Pense-t-on qu'on devrait aussi réglementer les tarifs, ou imposer un barème? Selon l'un des témoignages que nous avons entendus ici, et sans doute y a-t-il d'autres cas, on demande des sommes faramineuses en échange de ce genre de services... ce qui est assez décevant, à mon avis.
M. Palmer: Naturellement, à la CISR, nous ne sommes pas au courant des relations entre les conseillers et leurs clients. Comme vous, nous entendons des anecdotes et des histoires d'horreur, qui, quand elles nous parviennent, sont des histoires de troisième ou de quatrième main; ainsi, nous ne pouvons pas nous permettre d'émettre des hypothèses.
Nous n'avons pas arrêté de position quant à la réglementation des tarifs. Nous avons certainement entendu parler de cas où les conseillers ont manqué de scrupules et de conscience, si ces histoires étaient véridiques, mais la CISR n'a pas de point de vue particulier sur la question, que je sache. C'est une question qui relève de la réglementation ou de la régie d'un aspect des droits du consommateur, si vous voulez, et je pense que cela relève plutôt d'Immigration Canada ou des autorités provinciales.
M. Mayfield: Certaines des histoires qu'on nous relate sont grosses comme des maisons. Elles ajoutent certainement une dimension concrète aux choses abstraites dont nous avons tendance à discuter.
Vous a-t-on cité des cas qui semblent démontrer la nécessité du genre de règlement dont nous parlons?
M. Palmer: Personnellement, je n'ai pas entendu parler de tels cas.
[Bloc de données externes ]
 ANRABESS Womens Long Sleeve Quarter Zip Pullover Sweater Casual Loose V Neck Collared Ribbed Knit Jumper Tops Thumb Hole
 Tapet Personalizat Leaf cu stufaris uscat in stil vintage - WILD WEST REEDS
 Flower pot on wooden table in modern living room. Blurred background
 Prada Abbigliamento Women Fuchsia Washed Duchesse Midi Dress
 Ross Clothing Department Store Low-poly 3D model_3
Toutefois, j'ai eu des conversations avec, notamment, des membres de la section des appels de Toronto et de Vancouver qui étaient carrément indignés par les comportements de certains experts-conseils qui comparaissent devant eux; certains sont des goujats, semble-t-il, qui manquent totalement d'éthique, entre autres. Les commissaires auxquels j'ai parlé déclarent sans contredit qu'il y a souvent des situations abusives et qu'il faut instaurer des mesures pour y remédier.
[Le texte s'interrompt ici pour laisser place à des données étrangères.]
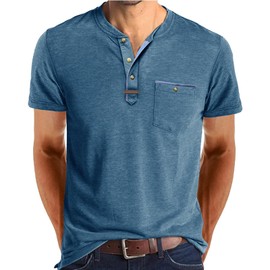 Mens Henley Shirts Short Sleeve Button T-Shirts Summer Vintage Lightweight Tee Shirts with Pocket Blue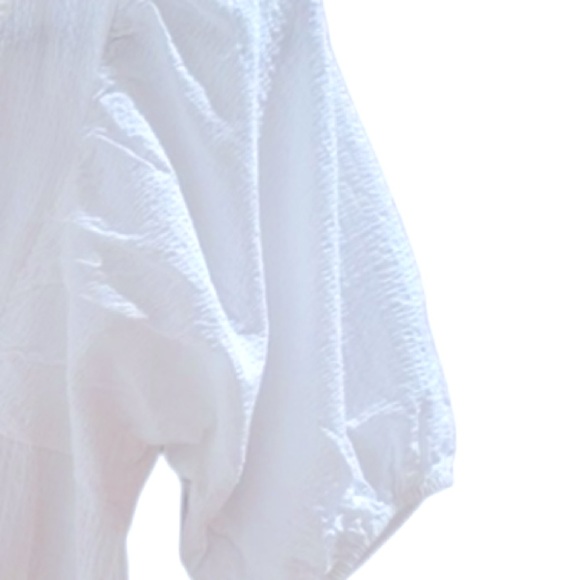 New Day White Textured Short Puff Sleeve Dress sz. M - Picture 4 of 4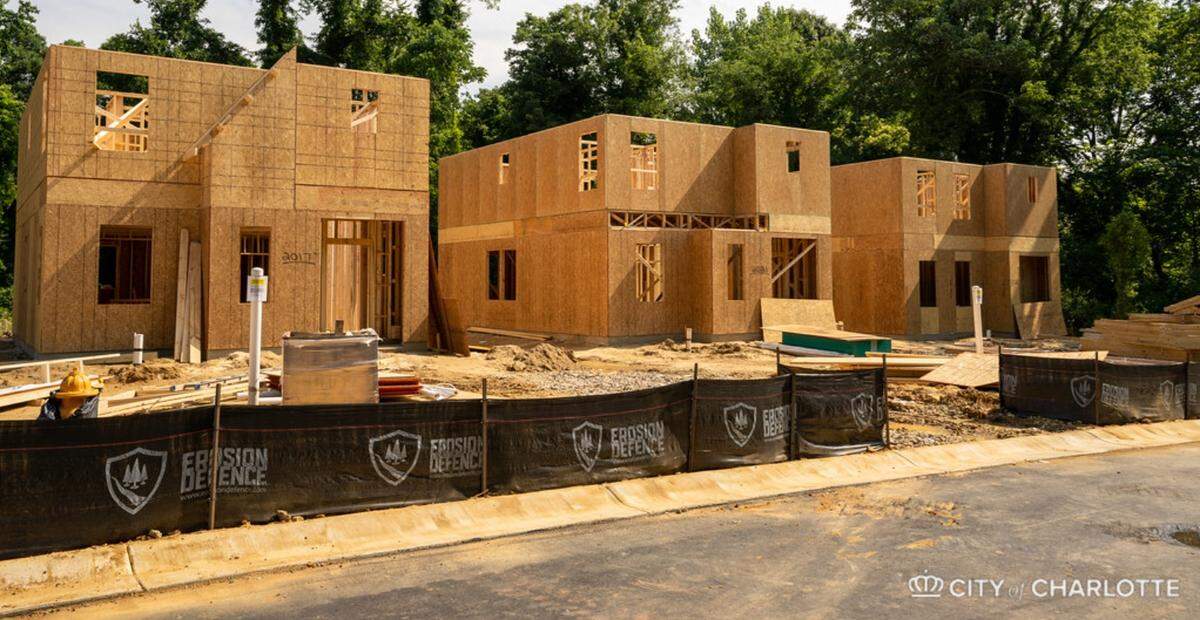 Construction of the Bishop Madison Homes began this year. The community will be nine for-sale affordable single-family homes. Yongqiang Chu, director of the Childress Klein Center for Real Estate at UNC Charlotte said the city needs more homes to combat affordability decline. 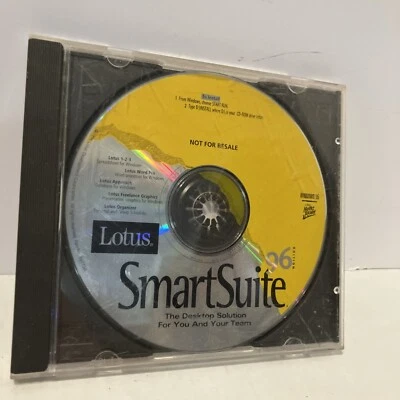 Lotus SMART SUITE '96 (1996) 1-2-3, Word Pro +3 / CD-ROM / PC (NOT FOR RESALE) - Image 1 of 4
M. Duquette: La question des tarifs est importante, mais la compétence l'est plus encore. Comme je l'ai expliqué auparavant, le problème des experts-conseils ne se pose pas beaucoup au Québec, mais il existe un problème assez connu qui ne concerne pas la CISR, mais bien l'immigration.
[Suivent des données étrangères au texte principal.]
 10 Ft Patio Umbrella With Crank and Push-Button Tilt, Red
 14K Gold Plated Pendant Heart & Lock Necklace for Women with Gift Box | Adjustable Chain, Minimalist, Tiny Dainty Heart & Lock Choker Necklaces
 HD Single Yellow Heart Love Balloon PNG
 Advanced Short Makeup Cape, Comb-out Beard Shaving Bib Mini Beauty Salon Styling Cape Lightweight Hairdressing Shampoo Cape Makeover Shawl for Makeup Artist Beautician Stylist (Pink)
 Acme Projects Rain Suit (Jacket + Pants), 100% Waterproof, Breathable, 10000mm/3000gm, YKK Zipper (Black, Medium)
Il n'y avait qu'une compagnie à Montréal qui a offert ses services pendant un certain nombre d'années, et qui demandait 2 000$ pour faire modifier le statut des immigrants éventuels, somme qui était à peu près raisonnable. Le problème, c'est que la compagnie ne faisait rien. Elle a offert ses soi-disants services qui consistaient à ne rien faire, pendant un certain nombre d'années, a accumulé des sommes d'argent considérables, puis a fermé ses portes.
Si vous avez une association professionnelle comme le Barreau, ou une autre association du genre, il y a toujours des comités qui peuvent se pencher sur la question des tarifs. Dans un cas comme celui là, un comité se pencherait sur le travail effectué et verrait si la somme exigée est acceptable.
Mais sans association professionnelle du genre, qui va statuer? Qui va pouvoir prendre ce genre de décision?
M. Mayfield: La CISR peut-elle faire quoi que ce soit pour admettre ou refuser d'admettre ceux qui accompagnent les demandeurs en tant qu'experts-conseils ou avocats, ou les commissaires sont-ils plus ou moins forcés d'écouter quiconque se présente devant eux? Si ce n'est pas le cas - et je ne connais pas la réponse à cette question - et s'ils ne peuvent exercer aucun contrôle sur ceux qui peuvent ou non se présenter devant eux, faudrait-il modifier la loi en ce sens?
M. Palmer: Selon nous, oui, il faudrait modifier la loi. Dans certains cas, les commissaires aimeraient mieux que certains personnages ne comparaissent plus devant eux, mais selon notre interprétation de la loi, ils n'ont pas le pouvoir...
Le président: Quelle loi?
M. Palmer: La Loi sur l'immigration. Si telle ou telle personne se présente en tant que conseiller représentant un demandeur, nous devons l'accepter, si c'est ce que désire le demandeur.
Le président: Voulez-vous que nous apportions ce changement à la loi?
M. Palmer: Je ne sais pas si cette idée soulève beaucoup d'enthousiasme chez les commissaires. Un tel changement signifierait que nous devrions agir en tant que policiers, si vous voulez, et je ne pense pas que ce soit un rôle approprié pour nous. Nous sommes un tribunal d'arbitrage. Vous vous souvenez peut-être de l'origine des barreaux, qui sont nés de la juridiction inhérente des tribunaux, qui ont le pouvoir de décider de ceux qui ont le droit de plaider devant eux, et peut-être avez-vous aussi remarqué que les tribunaux ont cédé cette tâche, il y a longtemps, aux corporations professionnelles, aux barreaux, pour d'excellentes raisons, selon moi.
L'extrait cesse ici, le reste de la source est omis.